Required work => What follows is a listing to transcribe exactly, leaving the pictures out.

Data to process =>
::::::
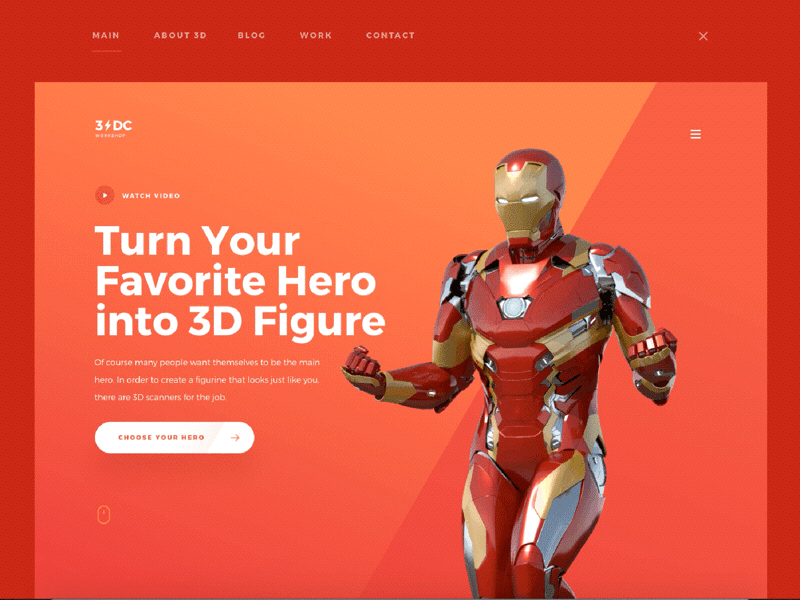 Landing Page Menu Animation animation gif landing landingpage menu red ui ux web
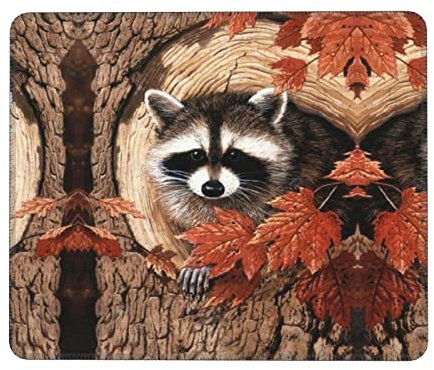 Raccoon in The Fall Tree Hole Mouse Pad, Laptop Desk Pad,Non-Slip Base Water Resist Keyboard Pad,Desk Mat for Gamer, Office & Home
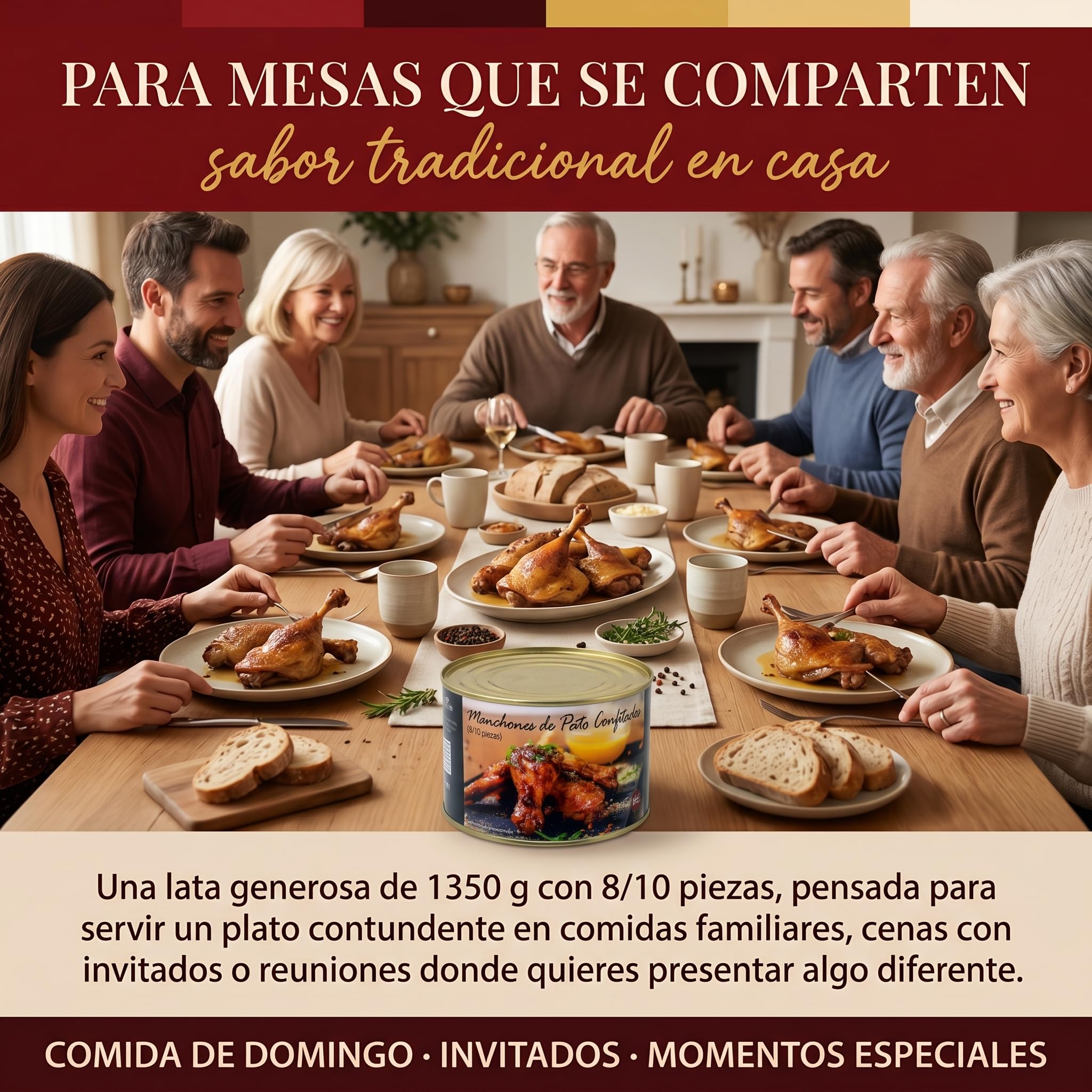 POLGRI Confit de Pato Manchones Lata 1350 g 8/10 Unidades Conserva Gourmet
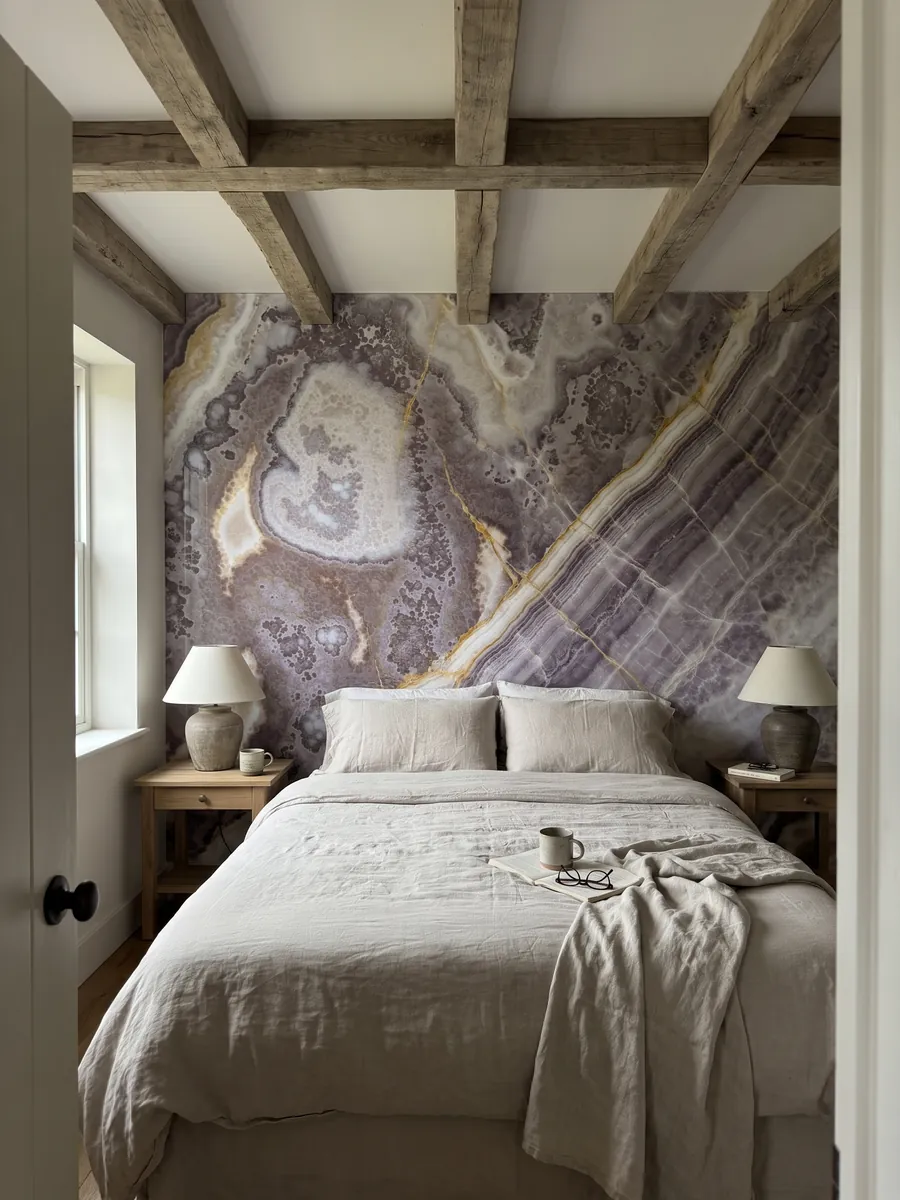 Pared de cabecera de dormitorio revestida con Ónix Negro con mesitas de noche: no se ve negro: violeta con zonas lila y blancas y finas vetas doradas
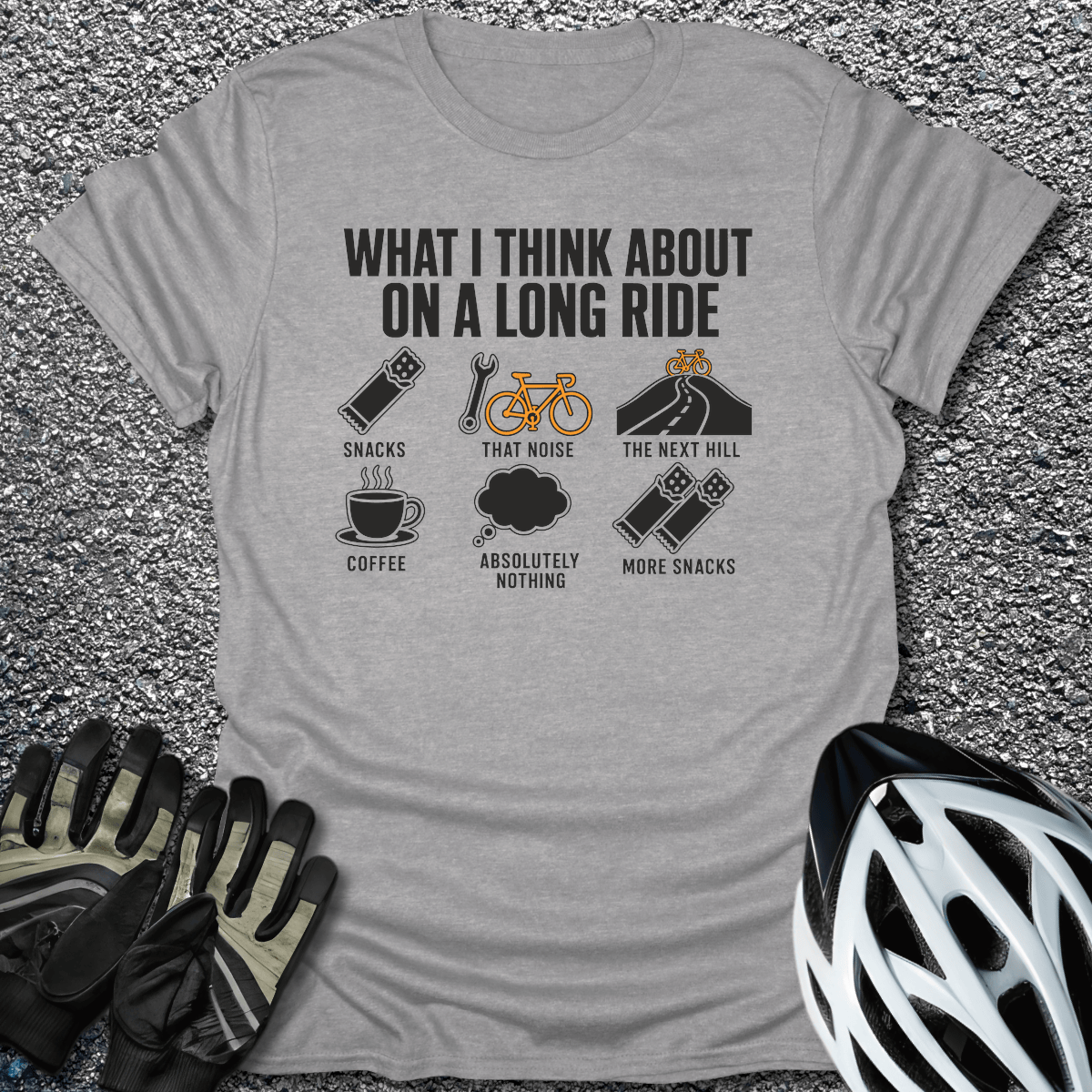 Long Ride Brain T-Shirt in Sport Grey / S from CycleTees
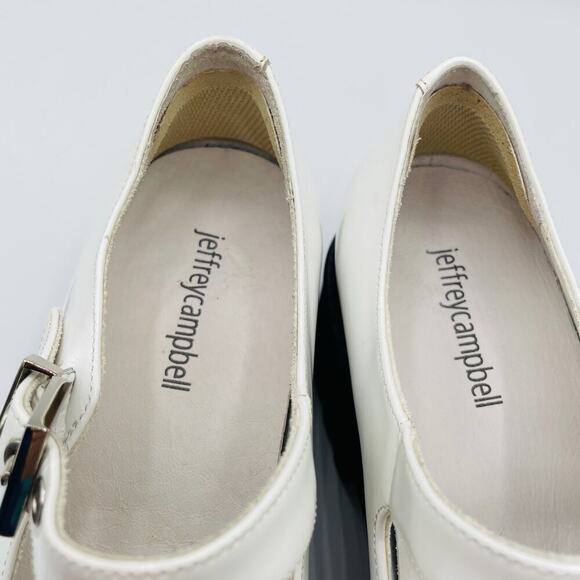 Jeffrey Campbell Cozza Mary Jane Platform Flat Womens 9 White Patent Leather Y2K - Picture 11 of 13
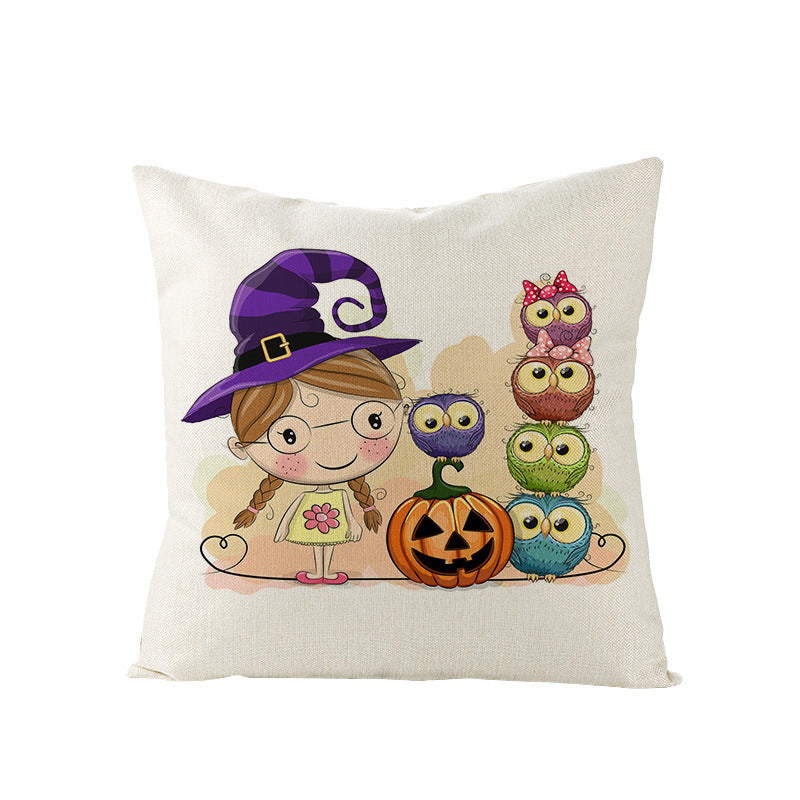 Halloween Linen Cute Cartoon Printed Kitten Pumpkin Head Pillow Cover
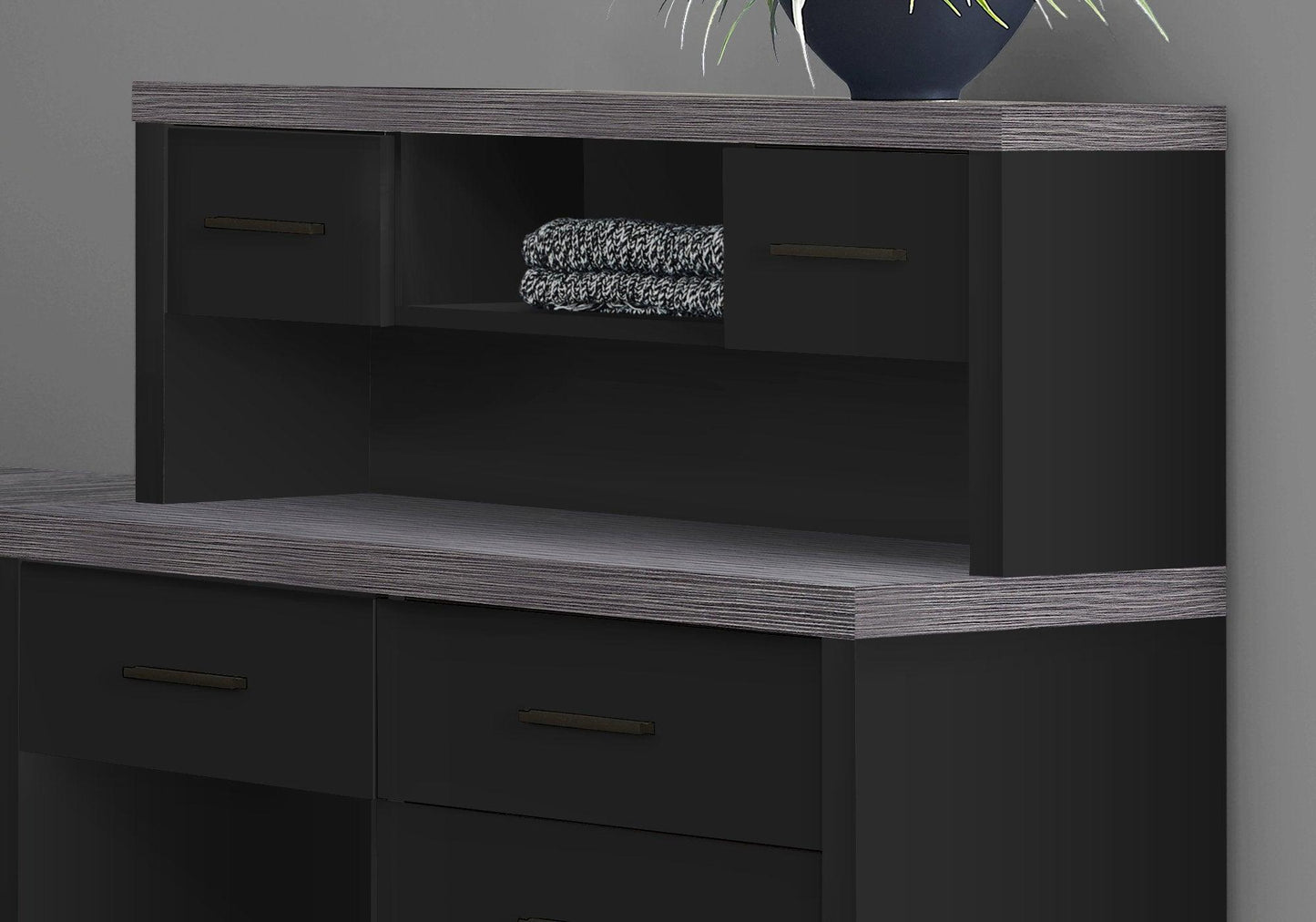 23.5" x 47.25" x 30" Grey Black Particle Board Hollow Core Computer Desk - AFS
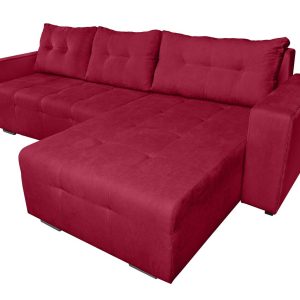 Coltar extensibil Venice 287x169 cm rosu cu lada de depozitare si structura din lemn si MDF, reversibil si confortabil - imagine 7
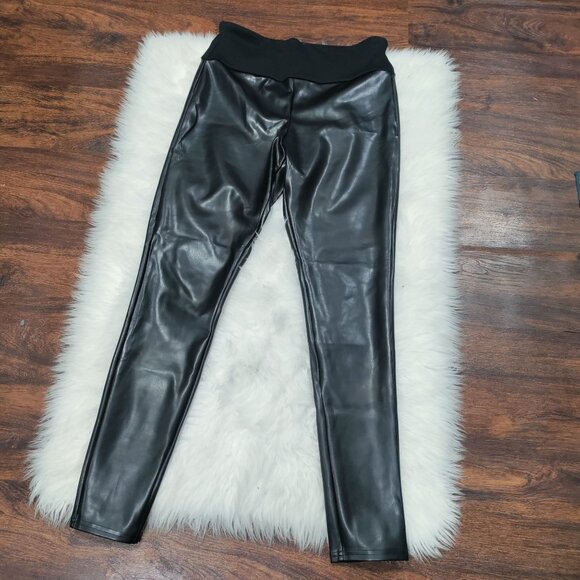 Red Hot Spanx Faux Leather Black Leggings Women's Size Large - Picture 5 of 11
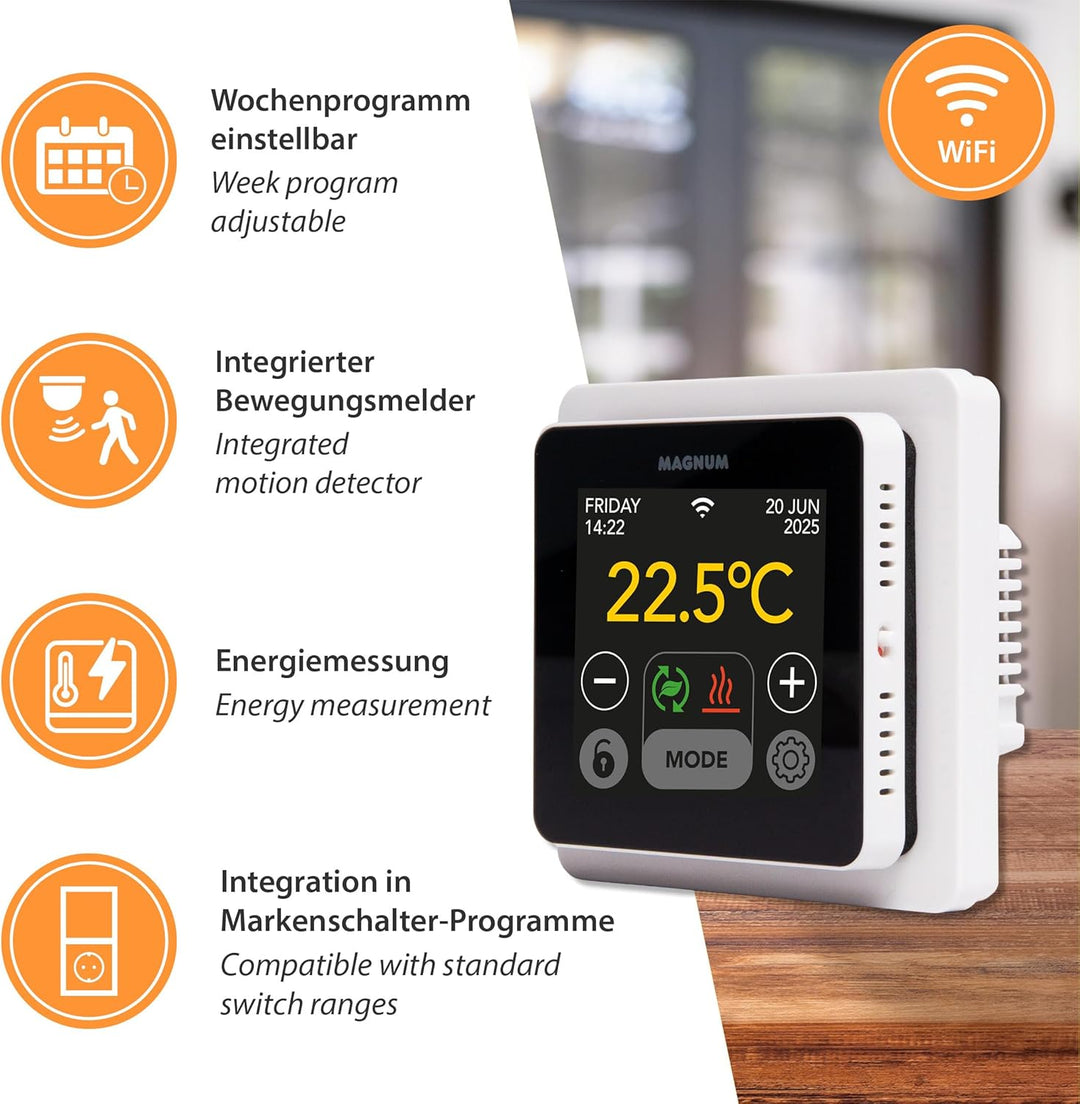 MRC WiFi Smart Thermostat/Raumregler mit Bodenfühler für Fussbodenheizung, Elektro-Heizung, Konvekto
::::::
Solution for this task =>
 Landing Page Menu Animation animation gif landing landingpage menu red ui ux web
 Raccoon in The Fall Tree Hole Mouse Pad, Laptop Desk Pad,Non-Slip Base Water Resist Keyboard Pad,Desk Mat for Gamer, Office & Home
 POLGRI Confit de Pato Manchones Lata 1350 g 8/10 Unidades Conserva Gourmet
 Pared de cabecera de dormitorio revestida con Ónix Negro con mesitas de noche: no se ve negro: violeta con zonas lila y blancas y finas vetas doradas
 Long Ride Brain T-Shirt in Sport Grey / S from CycleTees
 Jeffrey Campbell Cozza Mary Jane Platform Flat Womens 9 White Patent Leather Y2K - Picture 11 of 13
 Halloween Linen Cute Cartoon Printed Kitten Pumpkin Head Pillow Cover
 23.5" x 47.25" x 30" Grey Black Particle Board Hollow Core Computer Desk - AFS
 Coltar extensibil Venice 287x169 cm rosu cu lada de depozitare si structura din lemn si MDF, reversibil si confortabil - imagine 7
 Red Hot Spanx Faux Leather Black Leggings Women's Size Large - Picture 5 of 11
 MRC WiFi Smart Thermostat/Raumregler mit Bodenfühler für Fussbodenheizung, Elektro-Heizung, Konvekto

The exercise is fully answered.